> [WHAT YOU SHOULD DO]
Look below for the line containing "Sac de maquillage" and the line containing "Giyu Tomioka Demon", then set down both and every line between them exactly, without pictures.

> [EXERCISE INPUTS]
::::::
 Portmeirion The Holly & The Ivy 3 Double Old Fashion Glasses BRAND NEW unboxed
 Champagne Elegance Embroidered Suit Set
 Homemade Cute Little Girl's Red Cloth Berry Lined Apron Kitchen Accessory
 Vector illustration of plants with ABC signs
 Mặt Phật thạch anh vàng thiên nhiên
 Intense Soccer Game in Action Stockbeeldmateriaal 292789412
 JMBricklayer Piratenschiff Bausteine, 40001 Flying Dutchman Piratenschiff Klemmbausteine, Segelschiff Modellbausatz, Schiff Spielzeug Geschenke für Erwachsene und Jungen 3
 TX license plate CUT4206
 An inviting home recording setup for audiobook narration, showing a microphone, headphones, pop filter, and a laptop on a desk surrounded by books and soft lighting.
::::::
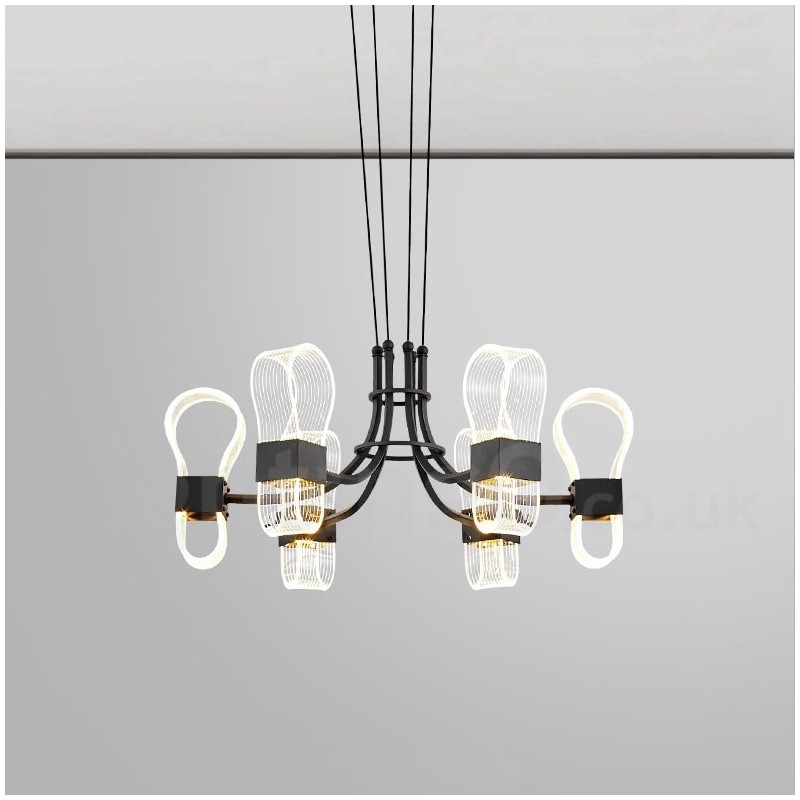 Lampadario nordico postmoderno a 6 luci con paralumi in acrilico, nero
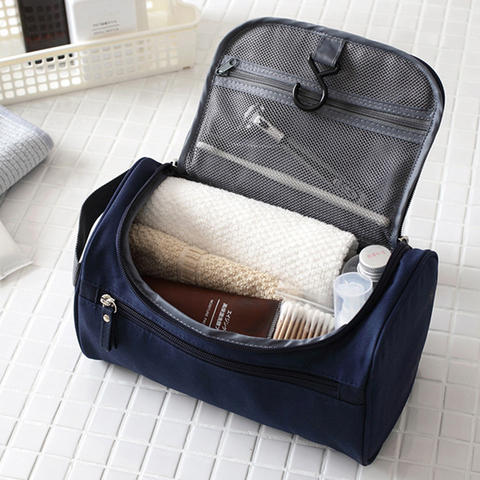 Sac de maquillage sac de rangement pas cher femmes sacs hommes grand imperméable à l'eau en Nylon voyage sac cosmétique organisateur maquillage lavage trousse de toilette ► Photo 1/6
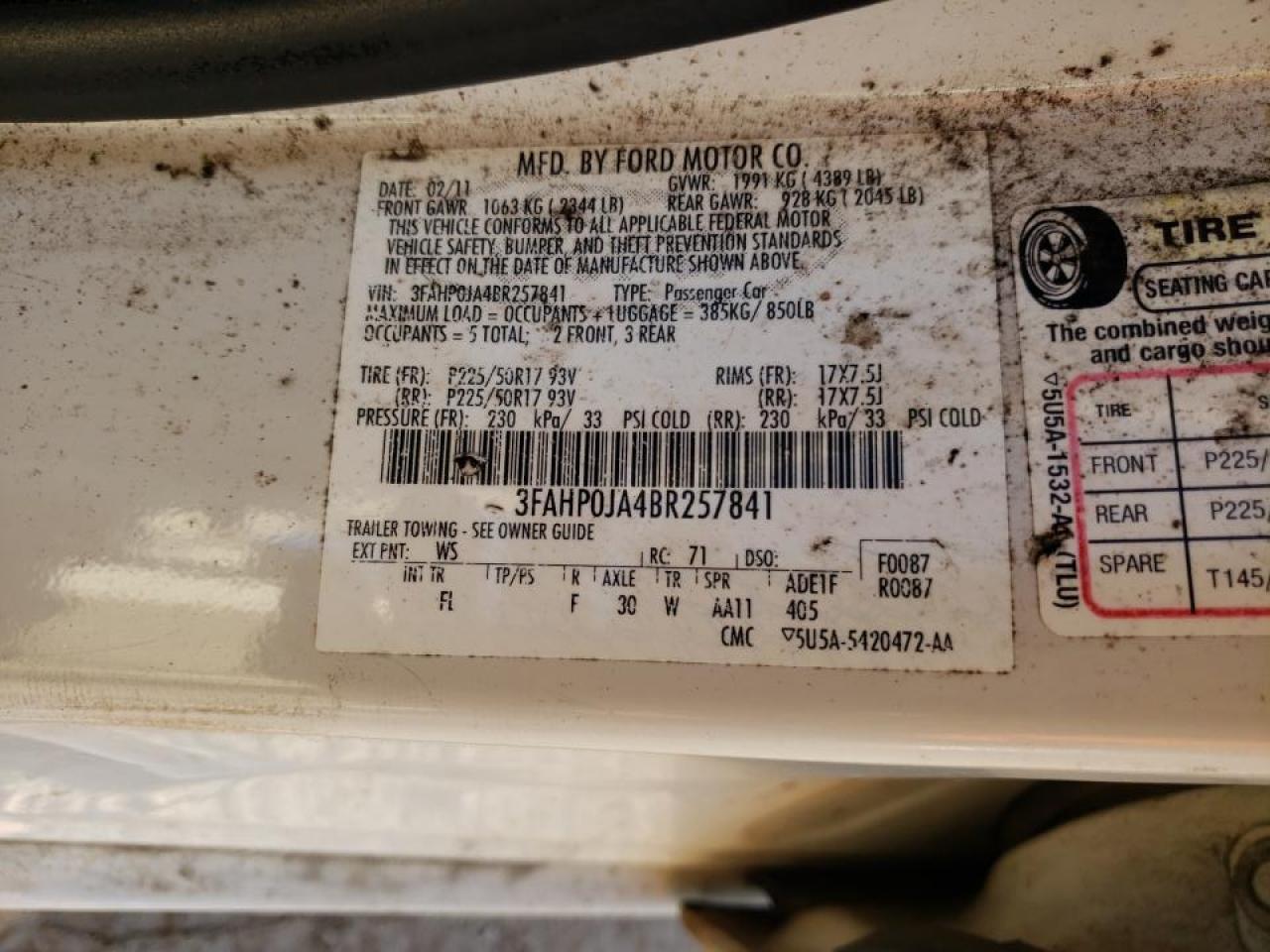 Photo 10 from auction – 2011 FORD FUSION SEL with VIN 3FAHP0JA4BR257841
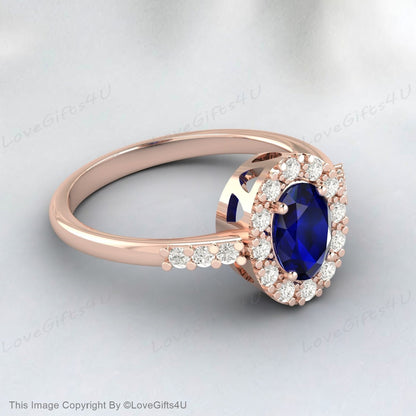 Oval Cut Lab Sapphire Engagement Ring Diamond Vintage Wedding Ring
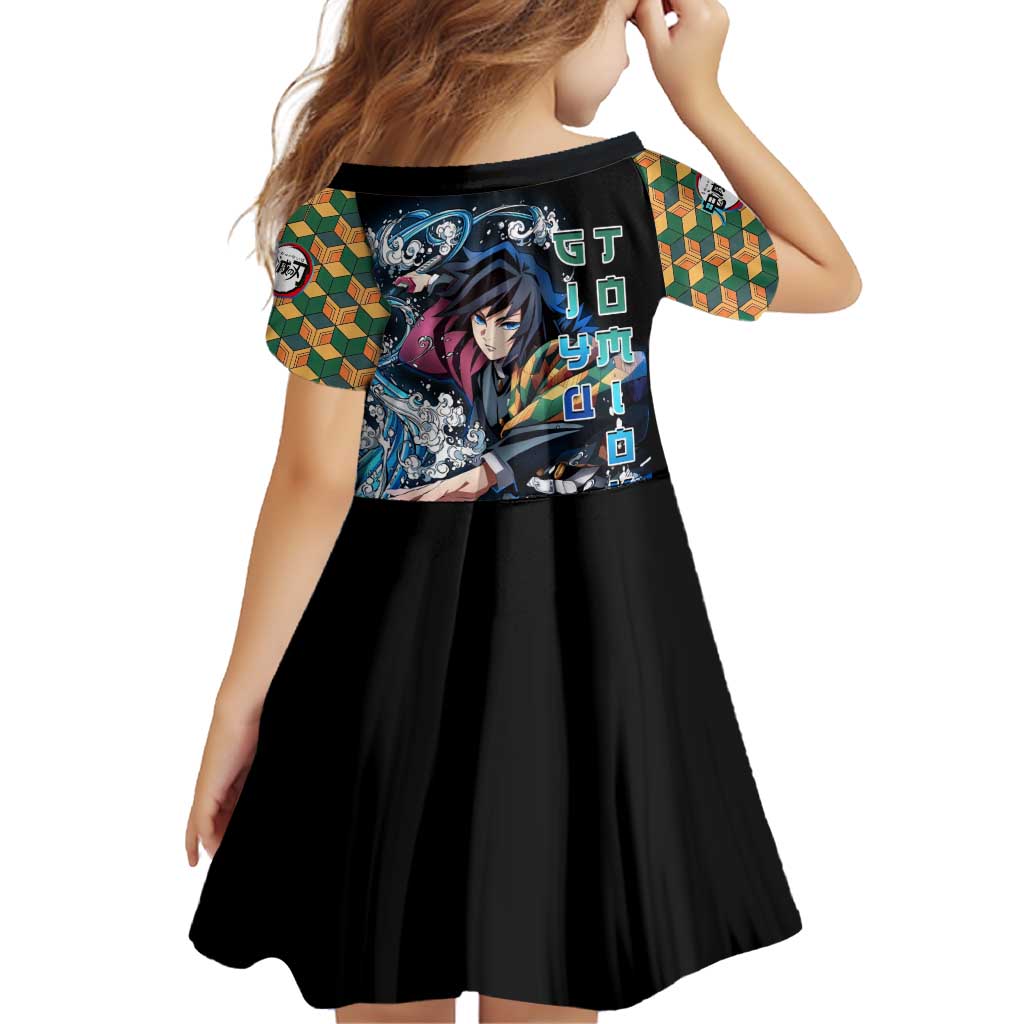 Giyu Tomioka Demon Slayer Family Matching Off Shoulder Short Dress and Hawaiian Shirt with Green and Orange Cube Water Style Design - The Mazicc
::::::
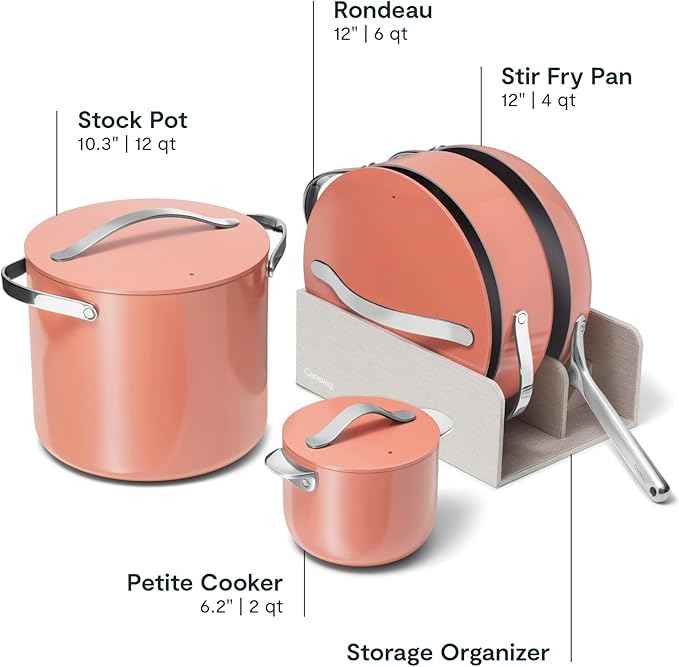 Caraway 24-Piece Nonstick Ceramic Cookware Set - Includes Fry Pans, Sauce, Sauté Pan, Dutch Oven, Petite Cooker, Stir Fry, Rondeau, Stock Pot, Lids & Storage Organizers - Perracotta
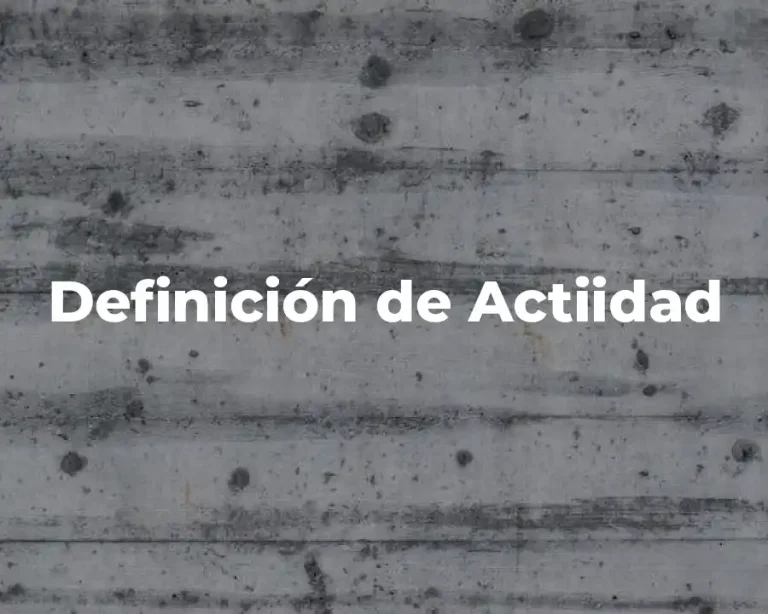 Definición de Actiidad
::::::
> [REPLY]
 Sac de maquillage sac de rangement pas cher femmes sacs hommes grand imperméable à l'eau en Nylon voyage sac cosmétique organisateur maquillage lavage trousse de toilette ► Photo 1/6
 Photo 10 from auction – 2011 FORD FUSION SEL with VIN 3FAHP0JA4BR257841
 Oval Cut Lab Sapphire Engagement Ring Diamond Vintage Wedding Ring
 Giyu Tomioka Demon Slayer Family Matching Off Shoulder Short Dress and Hawaiian Shirt with Green and Orange Cube Water Style Design - The Mazicc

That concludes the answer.